Le conflit terminé, aucune mesure n'a pu être prise pour payer et faire rentrer chez eux les mercenaires tchadiens et soudanais qui, sans prise en charge, se servent tout bonnement de leurs armes pour se faire payer sur la bête. D'où les violences et l'insécurité qui persistent à Bangui et d'autres villes centrafricaines huit mois après l'arrivée au pouvoir de Michel Djotodia.
Entre pillages, braquages, agressions, assassinats, exécutions sommaires, viols et autres atteintes aux droits de l'Homme, "les exactions sont quasi-quotidiennes et le pays est en train de s'é teindre à petit feu. Un pays sans armée, on s'imagine que toutes les dérives sont permises. Car, Djotodia n'a pas une force militaire conventionnelle sous la main", déplore Alkhaly Ngady.
A l'intérieur du pays, de nombreuses villes, caractérisées par une administration fantôme, comme notamment Bossangoa (Nord- Ouest), Bouca et Bouar (Nord) ou encore Bossembélé (Centre), sont devenues le théâtre d'une résistance armée des populations locales organisées en groupes d'autodéfense contre les ex-rebelles.
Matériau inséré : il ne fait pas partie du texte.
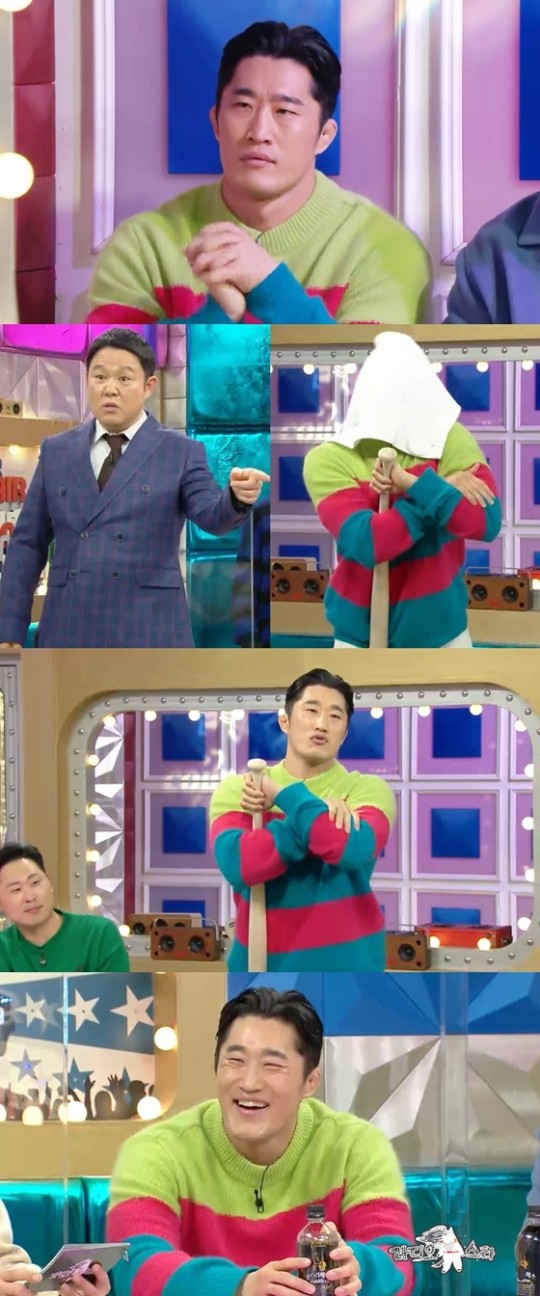 Kim Dong-Hyun told Radio Star that he had not slept after Julien Kangs entertainment industry fight Order of battle remarks.MBC entertainment program Radio Star (planned by Kang Young-sun, director Kang Sung-ah), which airs at 10:20 p.m. today (10th), will feature four-member Kim Dong-Hyun, Mo Tae-beom, Lee Hyung-taek and Yoon Seok-min, who are becoming entertainment players in sports.Kim Dong-Hyun is the first Korean player to enter the US UFC and the main character of UFC Korean.Recently, he appeared in various entertainment programs and boasted of the charm of Chain Reaction and Brain Innocence Man, which make him laugh even if he does not try to laugh. He was reborn as a professional entertainer in The Fighter.Kim Dong-Hyun, who won the Excellence Prize at the S headquarters entertainment last year, said, I have not won the championship for 20 years in martial arts.This is my champion belt. Kim Dong-Hyun boasts no filter engagement and Innocence Chain Reaction, but the mind and attitude to entertainment is sincere.He said, I still use my memo habits as a player, and I will record it on my cell phone when someone is empowered or speaks to me.Kim Dong-Hyuns entertainment white paper, which was released later, has a lot of comments from fellow entertainers such as Shin Dong-yeop and Park Na-rae and the production team.Above all, Kim Dong-Hyun asked if he could beat Julien Kang, and told why Julien Kang could not sleep because of the aftermath of the entertainment industry fight Order of battle, which she appeared on Radio Star.Kim Dong-Hyun also looks at his experience as a Fight expert and considers his own entertainment industry fight Order of battle TOP4.He is curious about whether there will be Julien Kang in his ranking and how different it will be from the Order of battle that Julien Kang has mentioned.In addition, Kim Dong-Hyun is expecting Julien Kang to be devastated by the individual who is full of 100% conscious bluff and worry (?).Kim Dong-Hyun, who is also known as the Black History of his career, tells an anecdote that he was laughed at after declaring a war against his former opponent.Ive wanted to be right and lose.I think that even among Kyonggi, he said, revealing his Innocence true heart, and then stopped as if Hyun-ta (real awareness time) came, and he was told that he broke everyones bread.The entertainment industry fight Order of battle TOP4 announced by former Fighter Kim Dong-Hyun can be confirmed through Radio Star, which is broadcasted at 10:20 pm today (10th).Photos  MBC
Ce sont des groupes qualifiés de milices que les nouveaux maîtres de Bangui décrivent comme étant instrumentalisés par l'ancien régime, accusé de tentatives de déstabilisation.
"Notre rôle, c'est de ramener la paix en RCA. Il n'y a pas autre chose que ça", a toutefois laissé entendre Michel Narkoyo, ex-porte-parole militaire de la Séléka propulsé après la prise du pouvoir du 24 mars à la tête des services de la Gendarmerie nationale où il servit avec le grade de gendarme de deuxième classe avant d'intégrer la rébellion au sein de laquelle il a pris les galons de colonel.
L'ex-dirigeant de l'ex-coalition rebelle joint en pleine patrouille jeudi, affirmait-il, se dit lui aussi favorable à l'envoi de missions de paix internationales. Car, avoue-t-il, "la situation ici est très confuse. Nos frères FACA (Forces armées centrafricaines, armée régulière, NDLR), on les a retrouvés ici à Bangui. Personne n'a désarmé. Les bandits qui ont rejoint la Sélé ka ont été équipés en armes. Il y a beaucoup d'armes dans la ville de Bangui qui ne sont pas encore ramassées".
Mais, se défend-il, "60% des exactions qui se passent aujourd'hui à Bangui, ce n'est pas la Séléka. Comme c'est nous qui sommes à l'origine du désordre, on assume".
Il fait part d'un manque criant de personnels qui rend "très difficile" la tâche de sécurisation de la capitale, où il dénombre un effectif de "moins de 400 gendarmes" opérationnels, et du reste du territoire national. "On demande de recruter de jeunes gendarmes pour faire ce travail", confie-t-il, ajoutant que pour l'heure "aucun ex-combattant de la Séléka n'a été recruté" dans ce corps.